Uruguay Export of Food
Uruguay Export of Agriculture has seen a big boost in the last 10 years.
Uruguay “Feeds” about 28 million People around the World
The good management of soils that has been implemented in Uruguayan agriculture and the active action in the path to increase their food exports has been a role model for several countries. A systematic improvement of grain production and the control of use of agro-chemicals in the entire production line has turned Uruguay into an agricultural example.
In only 10 years, Uruguay export increased by four the agricultural, livestock and dairy production that not only feeds 3 million people but it is sold around the world to feed 28 million people.
This is an extraordinary result when compared with other countries in the region and it reflects the changes that have occurred in the different supply chains of the agricultural production process. This involves a dramatic change in the technical process and in the productivity improvements in the different chains.
Besides increasing the production and the export performance the value of exports has largely increased since 2013.
Fight against Agro-Chemicals
The other line of action is the strict control of the use of agro-chemicals, where special emphasis has been put on the product registration. Accurate technological applications are being implemented to prevent possible chemical residues on natural resources such as soil and water. The measures are based on the conservation of agricultural land, farms, streams and rivers management who are responsible for plant protection, monitoring and warning systems.
Monitoring the application of agro-chemicals is one of the great advances Uruguayan agriculture has developed ever since the soybeans plantation increased in the whole Uruguayan territory transforming that into the main agricultural crop and the major source of growth in the last 10 years.

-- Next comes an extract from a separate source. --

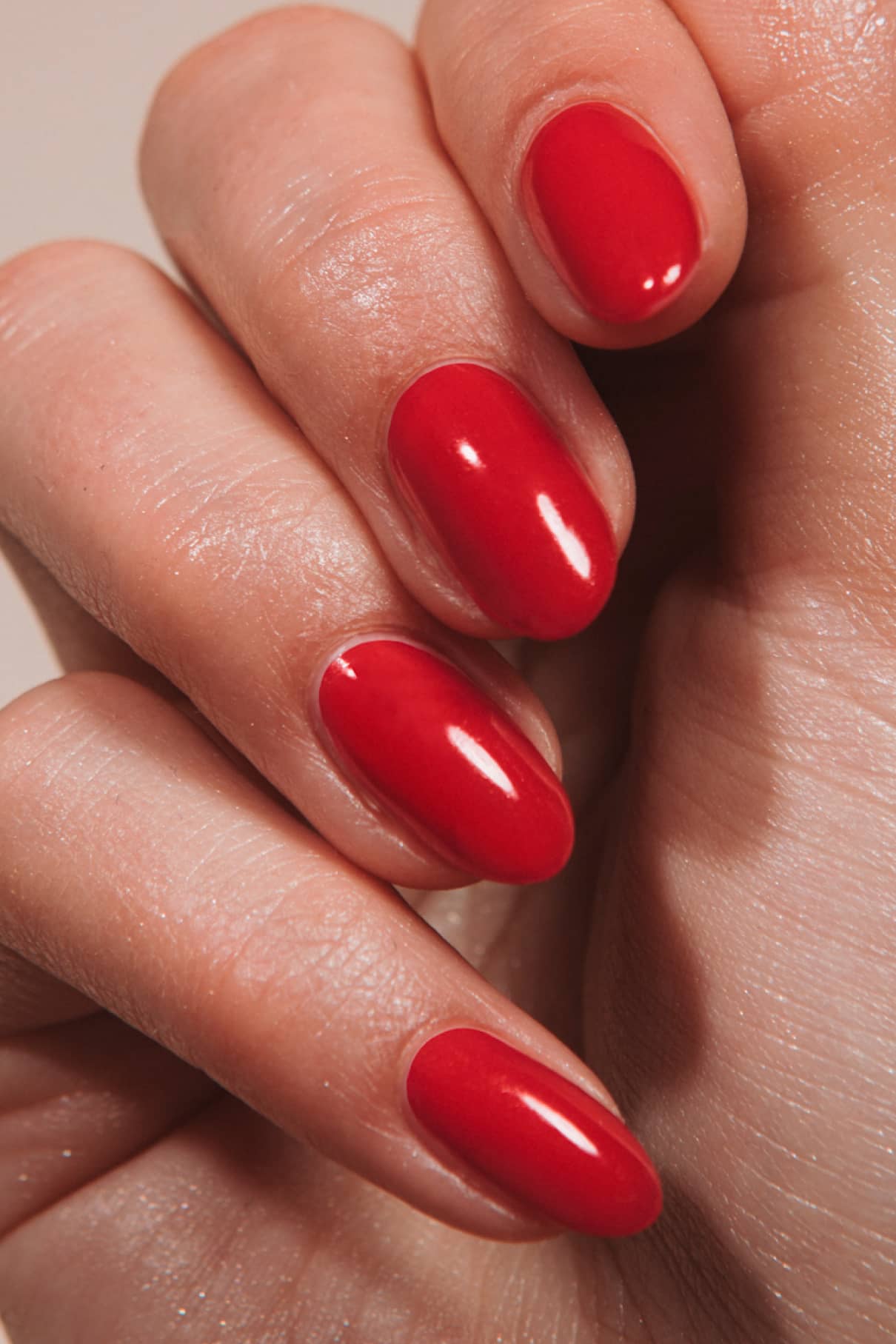 gitti-x-peta-nagellack-leuchtendes-warmes-rot-mit-orange image 3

However, the increased strain on natural resources such as water, soil and animals can put the fragile balance in danger. To counteract that pressure, the Ministry of Agriculture of Uruguay has coordinated actions aimed at sustainable intensification of production. In fact out of a total of 1,500,000 hectares target harboring agriculture, 1,416,908 hectares are controlled by the Ministry under severe control measures.
Uruguay’s export volume increased from 3.5 million tons recorded in 2013 to about 3.7 million in 2014. Both the volume harvested and the unrelenting low prices placed soybeans as the key leading crop responsible of the growth Uruguayan agriculture is experiencing. The area has slightly increased over the previous year and performance, despite some diverse situations and is back on track to exceed or at least match the very good results of 2013.
With about a million and a half hectares, soybean not only generates its own dynamism, but is also a factor that boosts livestock through pastures that are seeded after cultivation in areas where the traditional double cropping is not widespread. This is giving way to new winter crops allowing better reinvestment.
60% of Brazil ´s Imported Milk is Uruguayan
Uruguay is even beating Argentina in milk exports to Brazil in 2014. The Uruguayan dairy industry took the place of Argentina as a major exporter to Brazil. Until last year the Brazilian milk imports were 60 percent from Argentina and 40 percent from Uruguay.
This increase is also being monitored, comparable implementations of plans of use and soil management in dairy are in action during 2014 in more than 320 milk producing farms located in the Santa Lucia area in Canelones. The initiative has strong support from industry and producers and without a doubt it is approved by Brazil.
The Best Location for Agriculture
Uruguay is in an exceptional location. Uruguay is the only South American country that lies entirely within a temperate region. The average annual temperature for the country is approximately 17 ° C. The month of March has the highest rainfall in most of the territory with an average of 140 mm, covering part of the departments of Artigas, Rivera, Salto and Tacuarembó and the areas of Maldonado and Canelones reach 160 mm max. Added to these, Uruguay hasn’t experienced a drought since three years, which gives the Uruguayan agriculture a big adventage and helps being a step ahead of other countries.